F. Internal Control Systems and their Adequacy

Post-implementation of the Resolution Plan, the new Board has strengthened internal financial controls. The Company has an Internal Control System commensurate with the size, scale, and complexity of its operations. Regular reviews by the Audit Committee and statutory auditors ensure the adequacy and effectiveness of internal controls. The systems are continuously monitored and improved to align with the Companys expanded operations after the merger.

G. Discussions on Financial Performance with respect to Operational Performance

The Company has shown a remarkable turnaround post-CIRP implementation and merger. For the year ended 31 March 2025:

• Revenue from Operations: Rs2,75,771.86 lakhs

• Total Revenue: Rs2,75,771.86 lakhs

• Total Expenses: Rs2,70,741.59 lakhs

• Profit before exceptional items and tax: Rs5,030.27 lakhs

• Exceptional Items (net): Rs2,088.44 lakhs (arising from Resolution Plan adjustments - derecognition of certain liabilities and impairment of assets)

• Profit before tax: Rs2,969.12 lakhs

• Total Comprehensive Income: Rs3,577.32 lakhs (after Other Comprehensive Income of Rs608.20 lakhs)

• Earnings Per Share (Basic & Diluted): ?8.96

Key Balance Sheet Highlights as on 31 March 2025

• Total Assets: Rs2,15,825.14 lakhs

• Equity Share Capital: Rs1,997.25 lakhs

• Other Equity: Rs1,44,395.38 lakhs

• Total Equity: Rs1,46,392.63 lakhs

• Non-Current Liabilities: Rs16,986.19 lakhs

• Current Liabilities: Rs52,446.33 lakhs

The strong performance reflects successful resumption and scaling of metal trading operations, merger synergies, efficient cost management, and the positive impact of the Resolution Plan.
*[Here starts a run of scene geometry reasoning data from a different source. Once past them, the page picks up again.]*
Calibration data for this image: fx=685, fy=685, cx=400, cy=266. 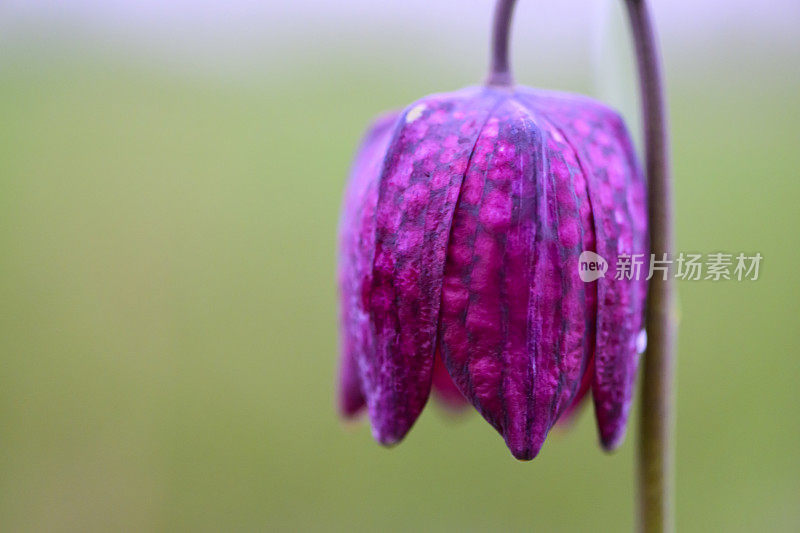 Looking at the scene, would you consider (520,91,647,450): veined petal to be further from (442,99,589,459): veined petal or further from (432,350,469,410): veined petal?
(432,350,469,410): veined petal

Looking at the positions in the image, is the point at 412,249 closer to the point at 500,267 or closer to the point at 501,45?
the point at 500,267

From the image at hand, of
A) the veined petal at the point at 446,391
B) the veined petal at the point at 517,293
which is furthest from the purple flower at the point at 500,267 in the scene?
the veined petal at the point at 446,391

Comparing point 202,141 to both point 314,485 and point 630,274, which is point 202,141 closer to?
point 314,485

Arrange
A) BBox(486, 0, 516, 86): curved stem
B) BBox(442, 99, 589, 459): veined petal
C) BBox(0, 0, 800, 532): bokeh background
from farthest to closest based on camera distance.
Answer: BBox(0, 0, 800, 532): bokeh background < BBox(486, 0, 516, 86): curved stem < BBox(442, 99, 589, 459): veined petal

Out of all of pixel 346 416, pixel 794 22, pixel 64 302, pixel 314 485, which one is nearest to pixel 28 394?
pixel 64 302

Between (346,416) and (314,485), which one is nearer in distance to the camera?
(346,416)

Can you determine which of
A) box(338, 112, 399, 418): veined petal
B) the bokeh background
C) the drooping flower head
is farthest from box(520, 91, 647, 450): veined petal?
the bokeh background

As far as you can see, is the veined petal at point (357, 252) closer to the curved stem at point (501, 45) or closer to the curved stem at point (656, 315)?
the curved stem at point (501, 45) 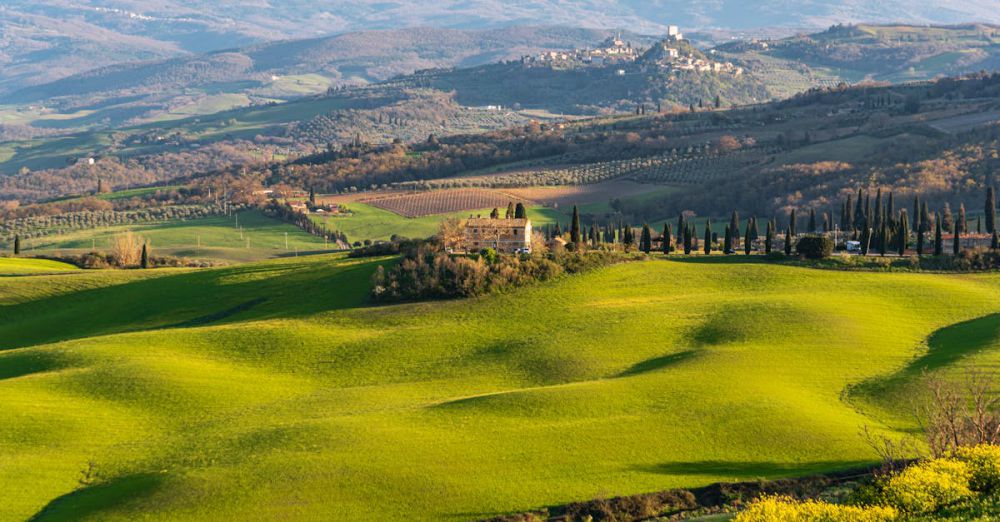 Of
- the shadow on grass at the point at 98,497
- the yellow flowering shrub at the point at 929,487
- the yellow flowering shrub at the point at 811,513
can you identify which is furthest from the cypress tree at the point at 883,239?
the shadow on grass at the point at 98,497

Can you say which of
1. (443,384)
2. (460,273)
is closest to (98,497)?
(443,384)

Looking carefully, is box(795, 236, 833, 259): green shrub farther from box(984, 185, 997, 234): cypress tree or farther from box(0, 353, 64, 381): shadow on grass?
box(0, 353, 64, 381): shadow on grass

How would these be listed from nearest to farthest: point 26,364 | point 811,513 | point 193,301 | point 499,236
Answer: point 811,513
point 26,364
point 193,301
point 499,236

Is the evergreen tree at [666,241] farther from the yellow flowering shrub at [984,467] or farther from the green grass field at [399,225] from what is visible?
the yellow flowering shrub at [984,467]

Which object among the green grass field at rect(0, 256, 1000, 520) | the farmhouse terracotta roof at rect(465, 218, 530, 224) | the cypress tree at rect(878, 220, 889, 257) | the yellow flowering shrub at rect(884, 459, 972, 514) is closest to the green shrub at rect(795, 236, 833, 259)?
the green grass field at rect(0, 256, 1000, 520)

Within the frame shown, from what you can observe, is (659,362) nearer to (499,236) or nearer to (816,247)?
(816,247)

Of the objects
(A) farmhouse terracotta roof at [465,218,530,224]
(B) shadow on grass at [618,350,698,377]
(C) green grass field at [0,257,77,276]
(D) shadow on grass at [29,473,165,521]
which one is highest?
(A) farmhouse terracotta roof at [465,218,530,224]
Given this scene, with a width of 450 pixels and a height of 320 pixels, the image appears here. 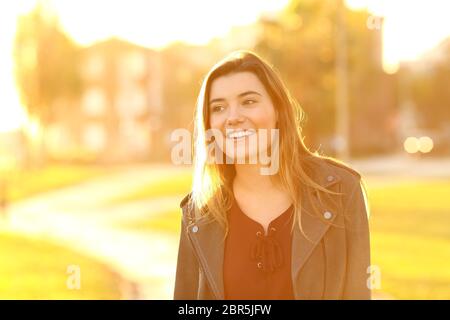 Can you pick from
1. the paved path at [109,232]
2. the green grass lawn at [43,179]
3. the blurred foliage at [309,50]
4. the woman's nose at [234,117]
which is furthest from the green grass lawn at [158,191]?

The annexed audited financial statements clearly demonstrate the Companys improved operational performance and financial health.

H. Material Development in Human Resources / Industrial Relations

The Company prides itself on its people-centric approach. Post-CIRP, a new professional Board comprising experienced directors (Shivkumar Ramsagar Pasi, Guda Rakesh, Amarjit Kumar Shrivastav, Laxman Medudula, and Pooja Pravin Keer) has been constituted. The focus remains on continuity of business as a going concern, skill enhancement through training programs, and fostering a culture of innovation, excellence, and teamwork. Industrial relations remain cordial, and the Company continues to provide safe working conditions while nurturing talent for future growth.

I. Key Financial Ratios:

Ratios 31.03.2025 (FY25) Remarks
Operating Profit Margin 1.82% Improved significantly due to revenue scale-up post-CIRP and merger synergies
Net Profit Margin 1.08% Strong turnaround in profitability after exceptional items
Return on Net Worth 2.03% Positive revival of financial health with robust equity base postresolution

T. Cautionary Statement:

Statements in the Directors Report and the Management Discussion & Analysis Report describing the Companys objectives, expectations and/or forecasts may be forward-looking within the meaning of applicable securities laws and regulations. Actual results may differ materially from those expressed in the statements. Important factors that could influence the Companys operations include global and domestic demand and supply conditions affecting selling prices of metals, input availability and prices, changes in government regulations, environmental clearances, economic developments within the country, and other factors such as project approvals and industrial relations.